Data in this exercise:

========

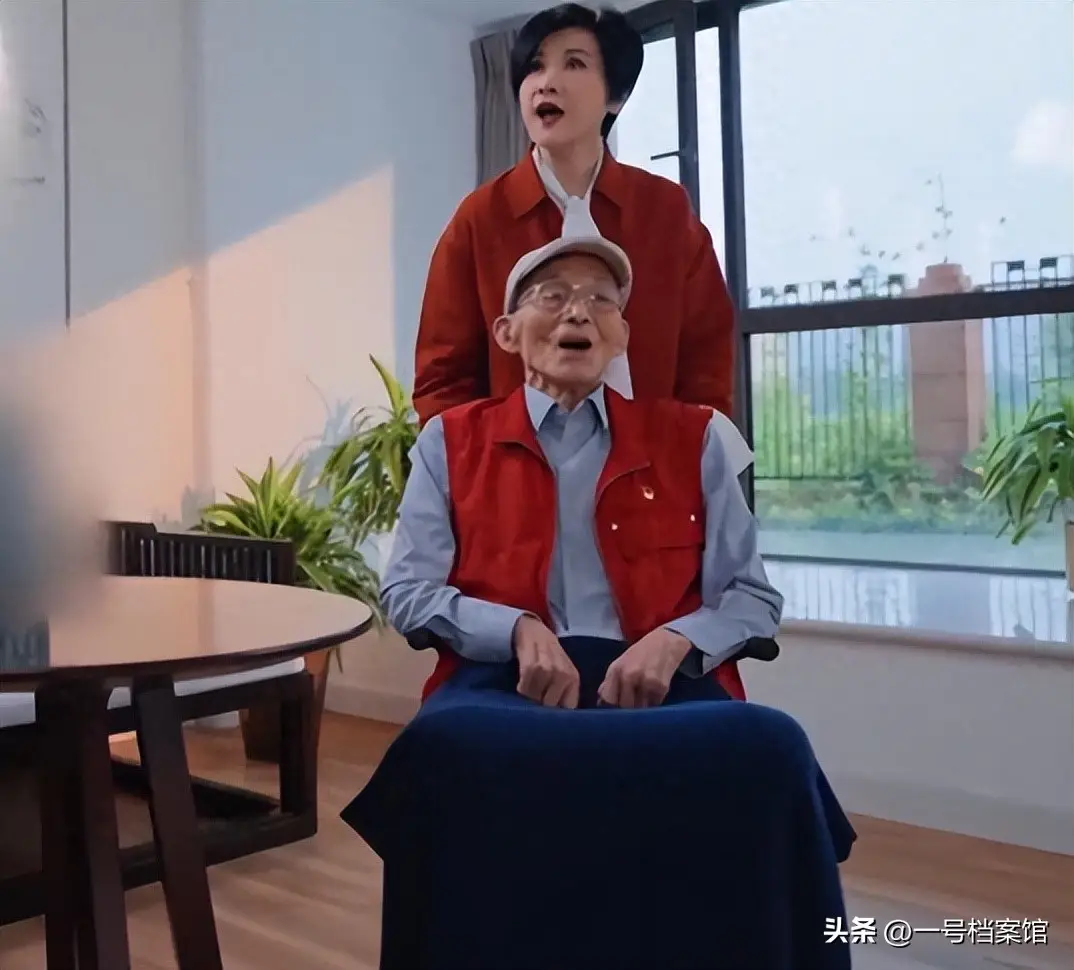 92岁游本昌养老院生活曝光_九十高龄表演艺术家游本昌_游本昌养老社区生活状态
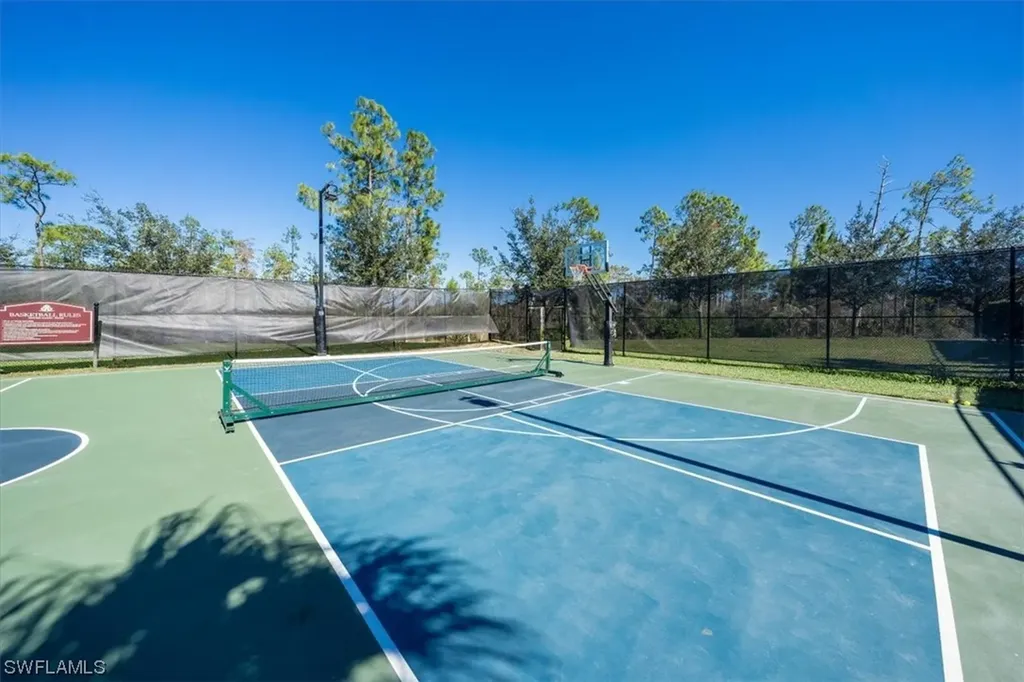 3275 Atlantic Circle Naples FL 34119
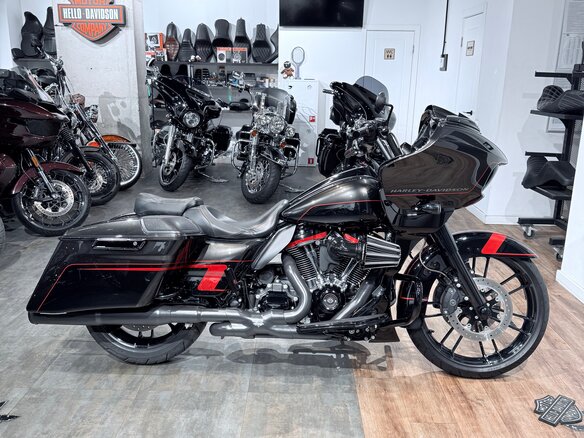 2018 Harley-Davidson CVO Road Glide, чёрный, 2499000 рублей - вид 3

========

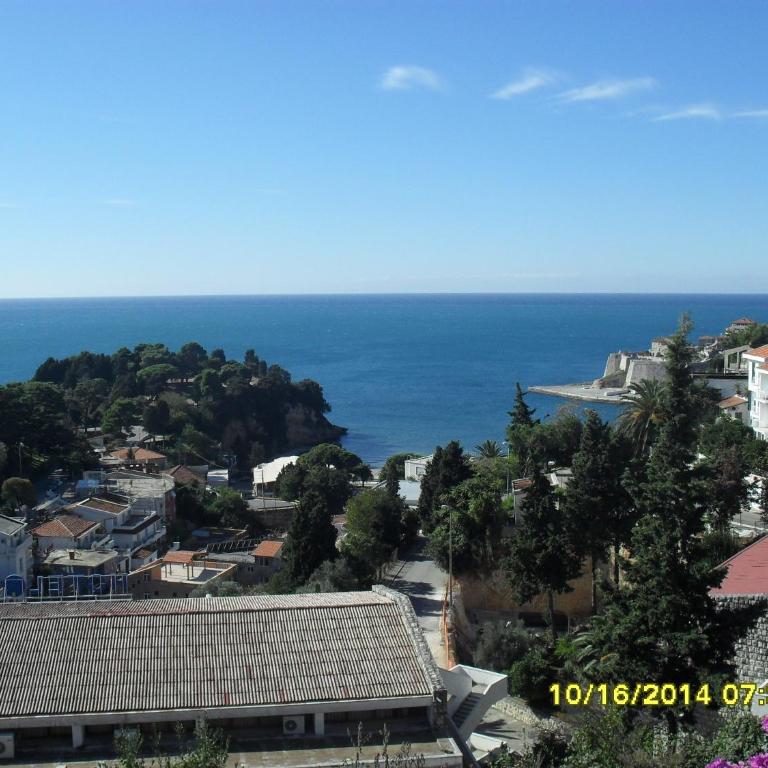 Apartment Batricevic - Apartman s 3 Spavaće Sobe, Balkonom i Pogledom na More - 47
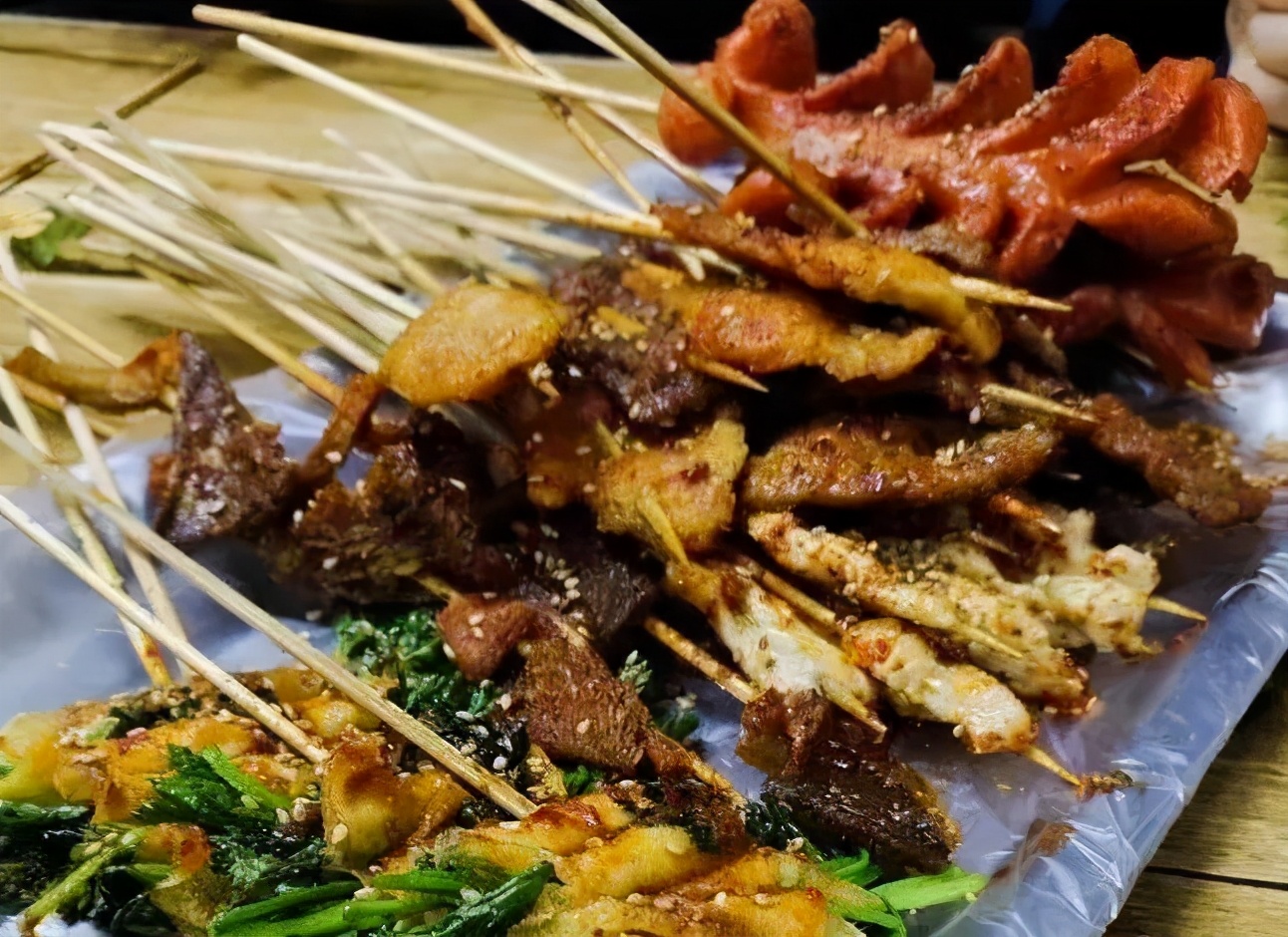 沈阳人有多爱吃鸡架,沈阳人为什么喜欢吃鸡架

========

The task:
Starting at the line containing "92岁游本昌养老院生活曝光_九十高龄表演艺术家游本昌_游本昌养老社区生活状态" and stopping at the line containing "2018 Harley-Davidson CVO", output every line above exactly, both ends included, with pictures omitted.

Answer area:
 92岁游本昌养老院生活曝光_九十高龄表演艺术家游本昌_游本昌养老社区生活状态
 3275 Atlantic Circle Naples FL 34119
 2018 Harley-Davidson CVO Road Glide, чёрный, 2499000 рублей - вид 3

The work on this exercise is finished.